Some of the sluggishness had to do with an imbalance in expectations. Because the stock market was so volatile in 2022 after a stellar 2021, some chief executives of target companies were hesitant to accept a valuation reset right off the bat. Meanwhile, acquirers saw 2021 highs as ceilings, not as a realistic baseline from which to launch negotiations. Johnson & Johnson Chief Financial Officer Joseph Wolk told analysts as much during an earnings call in October, when he said that sellers hanging on to their 2021 record highs didn’t make for a conducive deal-making atmosphere.
Yet that is finally starting to change, with the gap between acquirers and their targets narrowing. Soon after Mr. Wolk’s comments, J&J on Nov. 1 announced one of the largest healthcare deals this year, agreeing to buy heart pump maker Abiomed for $16.6 billion in cash. The $380 price per share represented about a 50% premium over Abiomed’s closing price the day before the deal was announced, but it wasn’t far from the company’s 52-week high set in November 2021. A similar dynamic was at play for the year’s largest healthcare deal announced earlier this month: Amgen‘s $28 billion acquisition of Horizon Therapeutics. While the $116.50 per share reflected a nearly 50% percent premium over the closing price prior to news of the talks, it was right around what Horizon was trading about a year ago.
The two sizable deals in the last two months of 2022 signal that the bid-to-ask spreads are starting to narrow, meaning 2023 might be a much better year for M&A. While Amgen might be tapped out given how levered it becomes after the Horizon deal, many drug and medical device companies are just getting started, with lots of balance-sheet capacity and plenty of appetite as top-selling drugs lose patent exclusivity.
Despite the Abiomed deal, J&J is expected to be a top acquirer next year. It was one of Horizon’s original suitors and is widely expected to continue pursuing deals as its top-selling immunology drug Stelara loses patent protection.
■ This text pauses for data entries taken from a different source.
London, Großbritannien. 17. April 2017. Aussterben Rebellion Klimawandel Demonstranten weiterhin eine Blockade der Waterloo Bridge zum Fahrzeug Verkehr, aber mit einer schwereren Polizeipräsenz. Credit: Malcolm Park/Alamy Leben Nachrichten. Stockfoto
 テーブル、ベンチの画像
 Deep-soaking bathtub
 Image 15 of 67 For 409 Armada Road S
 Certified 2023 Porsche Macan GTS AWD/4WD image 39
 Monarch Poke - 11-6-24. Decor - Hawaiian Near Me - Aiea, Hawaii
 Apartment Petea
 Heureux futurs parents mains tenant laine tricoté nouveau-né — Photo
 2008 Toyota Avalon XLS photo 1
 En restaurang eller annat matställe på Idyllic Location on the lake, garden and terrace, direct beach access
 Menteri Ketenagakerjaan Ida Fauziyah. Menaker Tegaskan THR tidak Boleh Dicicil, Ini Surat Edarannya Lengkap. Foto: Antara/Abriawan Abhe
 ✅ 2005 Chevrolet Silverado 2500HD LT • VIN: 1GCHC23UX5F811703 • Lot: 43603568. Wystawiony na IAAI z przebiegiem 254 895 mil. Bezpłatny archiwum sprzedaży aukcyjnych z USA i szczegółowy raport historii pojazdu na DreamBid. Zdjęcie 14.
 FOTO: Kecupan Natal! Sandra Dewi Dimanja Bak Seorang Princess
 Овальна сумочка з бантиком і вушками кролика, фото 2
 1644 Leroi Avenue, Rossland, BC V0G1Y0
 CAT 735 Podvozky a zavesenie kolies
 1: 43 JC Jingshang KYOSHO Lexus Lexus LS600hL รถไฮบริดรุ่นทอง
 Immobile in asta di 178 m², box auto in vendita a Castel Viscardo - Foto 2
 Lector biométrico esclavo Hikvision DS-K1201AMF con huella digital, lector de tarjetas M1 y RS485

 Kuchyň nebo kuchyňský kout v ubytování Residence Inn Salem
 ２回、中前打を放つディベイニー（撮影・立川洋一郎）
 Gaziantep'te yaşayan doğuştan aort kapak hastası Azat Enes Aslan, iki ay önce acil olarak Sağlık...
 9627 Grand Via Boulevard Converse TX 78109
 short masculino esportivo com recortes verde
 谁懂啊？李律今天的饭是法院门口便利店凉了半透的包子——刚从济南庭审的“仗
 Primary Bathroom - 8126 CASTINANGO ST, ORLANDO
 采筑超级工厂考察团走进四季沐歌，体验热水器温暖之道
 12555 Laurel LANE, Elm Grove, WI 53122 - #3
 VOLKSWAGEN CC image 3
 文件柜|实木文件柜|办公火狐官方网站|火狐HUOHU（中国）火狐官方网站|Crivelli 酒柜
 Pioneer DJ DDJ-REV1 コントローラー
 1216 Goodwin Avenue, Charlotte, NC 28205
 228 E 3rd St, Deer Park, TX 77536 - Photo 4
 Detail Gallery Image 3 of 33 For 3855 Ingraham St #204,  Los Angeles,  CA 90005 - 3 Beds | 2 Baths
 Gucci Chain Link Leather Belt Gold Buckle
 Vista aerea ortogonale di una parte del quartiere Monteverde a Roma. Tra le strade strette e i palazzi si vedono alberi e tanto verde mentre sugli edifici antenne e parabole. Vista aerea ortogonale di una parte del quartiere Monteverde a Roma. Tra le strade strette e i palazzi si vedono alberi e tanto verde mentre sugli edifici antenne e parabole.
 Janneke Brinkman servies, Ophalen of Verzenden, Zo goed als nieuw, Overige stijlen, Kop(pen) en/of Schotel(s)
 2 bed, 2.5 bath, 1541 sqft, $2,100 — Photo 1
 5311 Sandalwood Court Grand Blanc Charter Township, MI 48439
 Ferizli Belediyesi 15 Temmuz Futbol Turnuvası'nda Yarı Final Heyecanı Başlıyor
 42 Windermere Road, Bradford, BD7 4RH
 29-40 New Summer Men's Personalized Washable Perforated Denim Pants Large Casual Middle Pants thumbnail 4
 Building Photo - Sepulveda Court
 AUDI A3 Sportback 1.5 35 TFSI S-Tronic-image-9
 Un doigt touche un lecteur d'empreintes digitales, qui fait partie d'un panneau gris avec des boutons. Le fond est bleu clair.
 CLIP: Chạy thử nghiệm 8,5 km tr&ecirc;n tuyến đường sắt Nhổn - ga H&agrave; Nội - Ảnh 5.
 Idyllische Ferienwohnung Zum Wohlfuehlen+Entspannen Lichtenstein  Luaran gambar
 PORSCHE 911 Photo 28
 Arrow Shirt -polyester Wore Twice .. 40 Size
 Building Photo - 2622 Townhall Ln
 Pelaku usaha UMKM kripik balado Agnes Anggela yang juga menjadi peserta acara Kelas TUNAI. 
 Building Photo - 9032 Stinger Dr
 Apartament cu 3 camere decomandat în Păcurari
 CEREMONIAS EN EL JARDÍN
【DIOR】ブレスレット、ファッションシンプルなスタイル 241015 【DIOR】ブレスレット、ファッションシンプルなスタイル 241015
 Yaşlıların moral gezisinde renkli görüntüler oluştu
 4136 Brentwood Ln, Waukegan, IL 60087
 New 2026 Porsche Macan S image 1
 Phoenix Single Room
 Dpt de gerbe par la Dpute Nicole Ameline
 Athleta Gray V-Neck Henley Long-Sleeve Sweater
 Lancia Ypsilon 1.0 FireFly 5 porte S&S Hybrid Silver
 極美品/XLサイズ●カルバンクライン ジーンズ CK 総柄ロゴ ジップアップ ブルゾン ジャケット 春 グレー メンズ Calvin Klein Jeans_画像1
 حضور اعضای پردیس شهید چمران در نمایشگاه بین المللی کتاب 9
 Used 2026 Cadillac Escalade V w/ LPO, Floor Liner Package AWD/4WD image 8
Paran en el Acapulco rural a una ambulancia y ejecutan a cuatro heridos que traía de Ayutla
Another big deal maker in 2023 will likely be Pfizer. While it potentially has possibly the most deal capacity—and the biggest need given the risk to some of its product lines—Pfizer seems to be choosing to do a string of smaller acquisitions rather than a megadeal. In 2022 alone, Pfizer bought Arena for $6.7 billion, Biohaven for $11.6 billion, Global Blood Therapeutics for $5.4 billion and ReViral for less than $1 billion. Between cash on hand and its ability to take on debt, Pfizer has more than $100 billion in additional firepower, Goldman Sachs estimates.
A megadeal could come from Merck. The company was in talks to acquire Seagen for about $40 billion before those talks hit a snag. But management has left the door open to doing a large deal as it looks to replace the expected revenue hit once Keytruda, its blockbuster cancer drug, goes off patent later this decade.
In all, next year could bring M&A deal value in the pharma and life-sciences space to somewhere in the range of $225 billion to $275 billion, PricewaterhouseCoopers wrote in a report. With so much dry powder and plenty of targets to look at, deal-making next year looks set to heat up.